BiraIgnacio 37 minutes ago
using an embedder instead of a decoder is quite clever. Not sure who came up with that first but it's a cool idea.
digdugdirk 43 minutes ago
I do enjoy the immediate out of touch signaling with the "runs on your 16gb vram laptop" line. Because everyone has a laptop with 16gb vram, or can just pop out and buy a new one, right?
[-]
- claysmithr 9 minutes ago
  I have 24 gb unified memory so it’s a good model for me
- vehemenz 24 minutes ago
  This comment has me a bit confused.
  Consumers were complaining about the standard 8GB with the early 2020 refresh of MacBook Pros, many OSes ago. Sure, it might be workable for many tasks (as evidenced by the recent sales of the MacBook Neo), but users with a mere 8GB shouldn't have expectations of LLM performance. Even 16GB feels like a stretch.
  [-]
  - utternerd 3 minutes ago
    Unified Memory or VRAM, not just RAM.
  - NekkoDroid 14 minutes ago
    I think you are mixing up RAM and VRAM.
    [-]
    - crims0n 1 minute ago
      They are effectively one and the same on Apple Silicon.

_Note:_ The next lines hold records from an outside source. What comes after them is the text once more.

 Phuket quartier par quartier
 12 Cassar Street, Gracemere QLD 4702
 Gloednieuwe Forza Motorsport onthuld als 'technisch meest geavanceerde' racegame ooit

    - Schiendelman 3 minutes ago
      On a Mac they are the same thing; they're shared. Of course you need some amount for the OS, but if you have an Apple Silicon Mac with 24GB of RAM, you can likely run a 16GB model.
claysmithr 38 minutes ago
I don’t see the download in lm studio
[-]
- deckar01 9 minutes ago
  It also says it is supposed to be available in their own Edge Gallery app and it’s not there (on iOS).
zuminator 1 hour ago
How does it compare with e4b, aside from being larger?
[-]
- anonova 49 minutes ago
  There's a comparison of all the Gemma 4 models (+ Gemma 3 27B) on the Huggingface model card: https://huggingface.co/google/gemma-4-12B-it#benchmark-resul...
- thomasjb 56 minutes ago
  That's what I want to know too. A smarter E4B that's happy in opencode would be a good selfhosted model for me
jdelman 52 minutes ago
I can’t help but wonder if this is the basis of the model they’ve helped tune for Apple.